But since the regime-toppling revolution here, Ezz, 52, has been paraded through the streets like a common criminal, taunted by a mob and tossed into jail on charges of graft. (For good measure, pro-democracy demonstrators also looted and torched the headquarters of Ezz Steel.)
Ezz, in a recent public letter from jail, says he did nothing illegal. But as Egypt purges elements of its old order and gropes to structure a new one, he has emerged as perhaps the most hated symbol of a system that rewarded the few and oppressed the many. Fairly or not, Ezz — the oligarch who cornered the market on steel production in the Arab world — represents for millions of Egyptians a pervasive crony capitalism that, before the revolution, was simply a fact of life.
Several colleagues would talk about Ezz only on the condition of anonymity, citing concerns about their safety. In a series of interviews, Abla Ezz, a well-coiffed 48-year-old, sometimes dropped her voice to a paranoid whisper: “Everyone in the country is afraid to say they work for Ezz Steel.” She said it is best to avoid showy jewelry and to drive “a very humble car, because you can’t be seen as a rich girl.”
But she still resides at a Four Seasons hotel in the spacious 24th-floor apartment she kept with her husband and their 14-year-old son. Fresh-cut flowers abound, and the view of the Nile is unsurpassed. Surveying the city one recent afternoon, she offered this interpretation of the prevailing public mood: “Anyone who is rich in this country is corrupt, is evil, and he should be behind bars.”

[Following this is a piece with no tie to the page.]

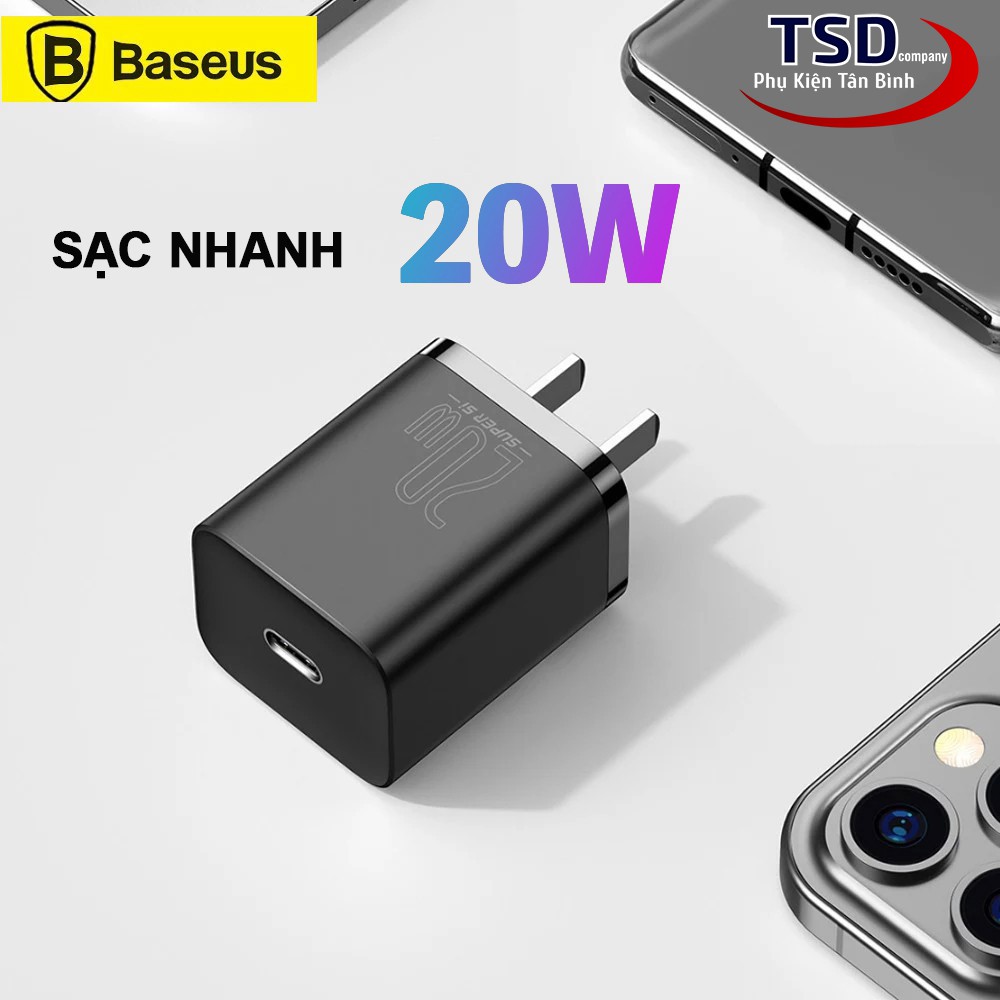 Củ Sạc Nhanh Baseus PD 20W Super Si Chính Hãng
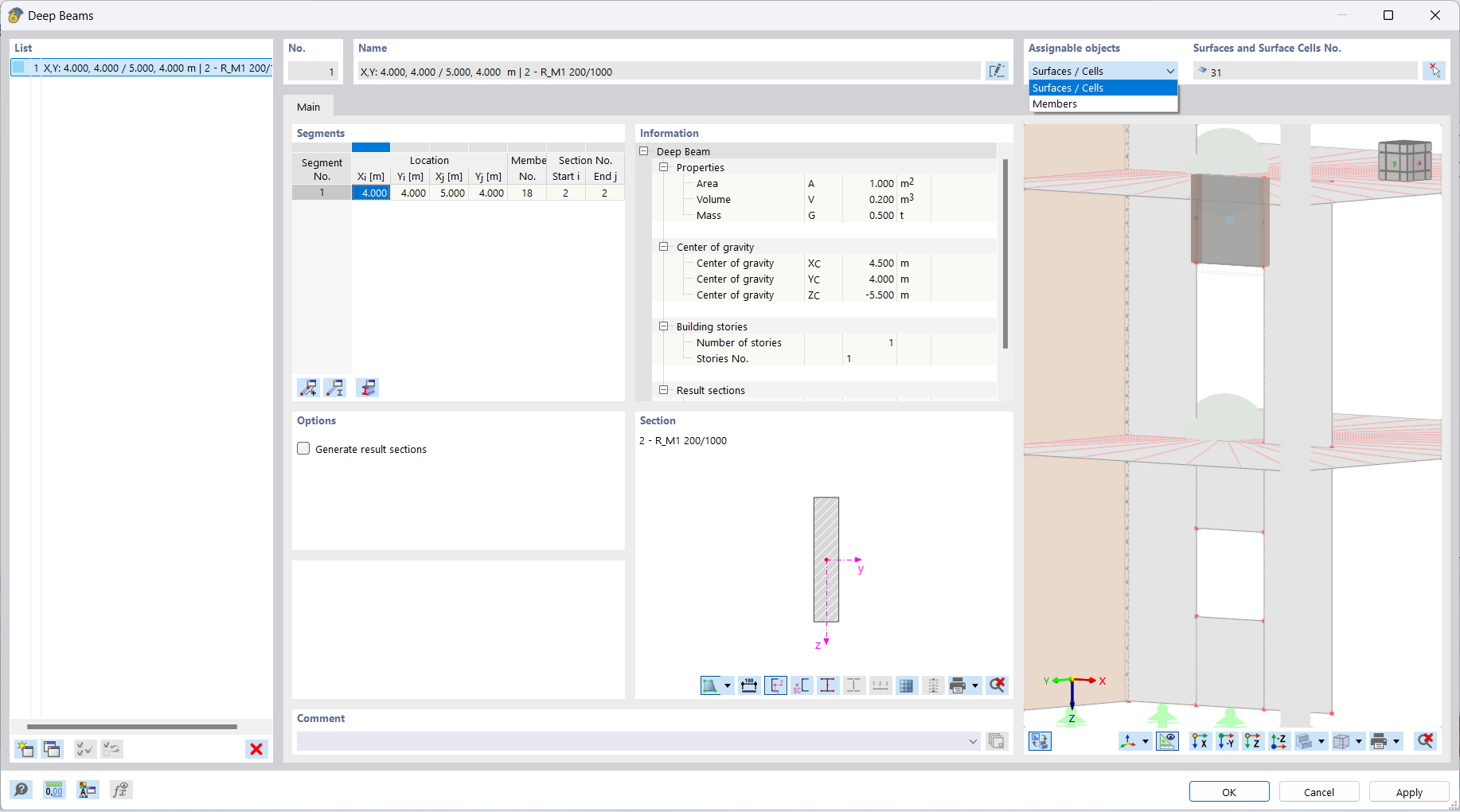 Zadání stěnového nosníku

Her assessment may not be far off the mark. Since February, prosecutors have aggressively pursued scores of businessmen with ties to the former regime, freezing their assets, banning them from travel and filing corruption charges related to sweetheart deals between self-enriching businessmen and government officials. Now some in the business community say such swift revolutionary justice could put the nation’s economy at risk, because entrepreneurs such as Ezz, no matter their methods of doing business, provided jobs and built solid companies. The rising industrialists, telecom magnates and financiers of the past decade fired the economic engines of growth, privatization and foreign investment.
“There is no reasonable country that puts their businessmen in prison and loses their economy. We need to build; we don’t want to destroy,” said Mohamed Hamouda, a well-known Cairo lawyer who says he declined to take Ezz’s case, certain the billionaire could never get a fair trial. “Who will come to Egypt to invest if he will find the businessmen in the prison?”